Jicha, dem als Assistent der frühere THW-Profi Christian Sprenger zur Seite steht, ließ die Truppe nicht nur regelmäßig gemeinsam Mahlzeiten einnehmen, sondern sorgte auch dafür, dass der obligatorische Laktattest zum Auftakt erstmals nicht einzeln auf dem Laufband, sondern als Mannschaft auf der Tartanbahn stattfand.

"Ich möchte so viel wie möglich mit der ganzen Mannschaft machen", sagte Jicha: "Das macht viel aus."

THW Kiel verpflichtet Pavel Horak und Dario Quenstedt

Zu dieser Mannschaft zählen seit diesem Sommer auch zwei Neuzugänge. Jichas ehemaliger Nationalmannschaftskollege Pavel Horak (36) kam vom weißrussischen Klub Meschkow Brest und ist vor allem eine Alternative in der Abwehr.

Torhüter Dario Quenstedt wurde als Ersatz für den zu Vive Kielce (Polen) abgewanderten Andreas Wolff vom SC Magdeburg an die Förde gelotst. Er soll mit Niklas Landin das womöglich beste Gespann der HBL bilden.

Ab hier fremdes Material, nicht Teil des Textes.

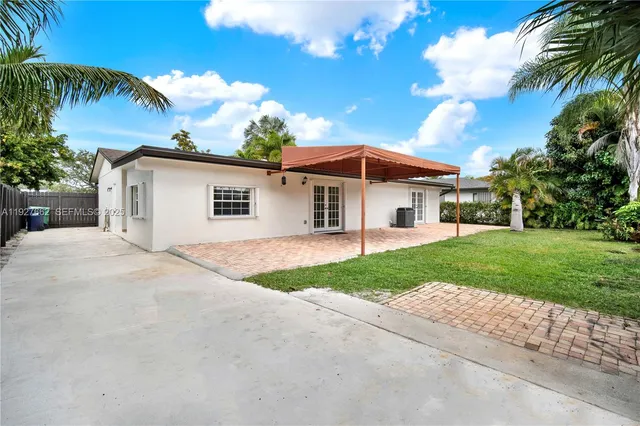 a view of a yard with a house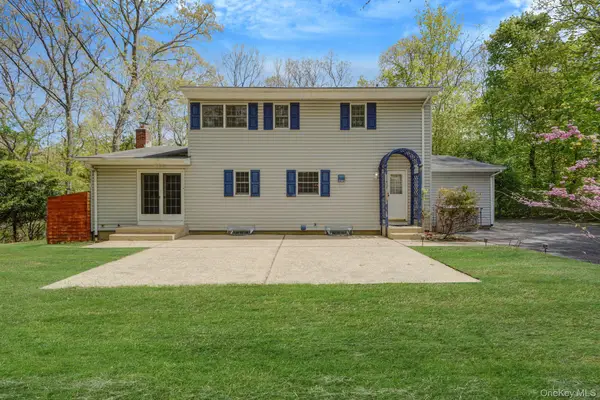 214 Landing Avenue, Smithtown, NY 11787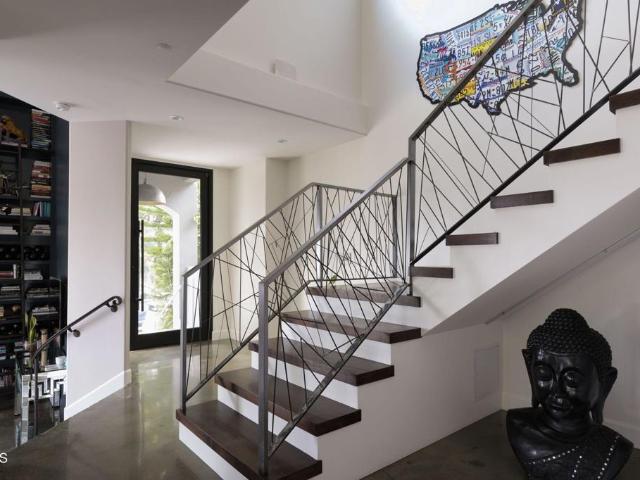 1411 Edgehill Place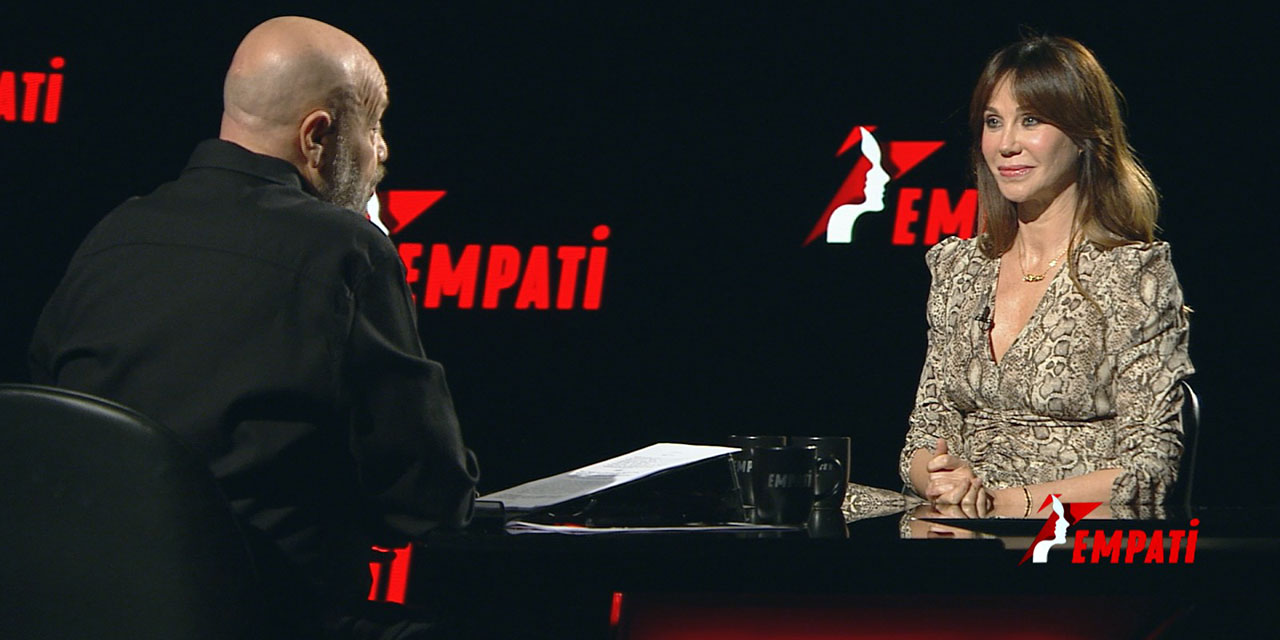 Demet Şener… “NAZAR İÇİN GÜL SUYU DÖKÜYORUM”!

Mehr hat der THW in Sachen Neuverpflichtungen nicht gemacht. Warum auch? Der Stamm ist geblieben, zur Saison 2020/2021 ist außerdem bereits der Transfer des norwegischen Superstars Sander Sagosen (Paris Saint-Germain) unter Dach und Fach.

THW Kiel schlägt Paris Saint-Germain

Die Nach-Gislason-Zeitrechnung ist beim THW also eingeläutet - und das mit ersten kleineren Erfolgen.

In der Vorbereitung gelangen ein 34:30-Sieg gegen PSG und ein 33:29-Erfolg gegen den FC Barcelona, im Pokal wurden Drittligist Eintracht Baunatal (43:23) und Zweitligist TV Emsdetten (39:23) aus dem Weg geräumt.

Bevor am Sonntag das erste HBL-Spiel gegen Frisch Auf Göppingen steigt, wartet nun mit dem Supercup gegen Flensburg ein echter Härtetest.

Das weiß auch Wiencek: "Das ist der erste Titel der Saison, den man holen kann und zudem noch ein Nord-Derby. Von daher freuen wir uns darauf und wollen das Spiel natürlich gewinnen."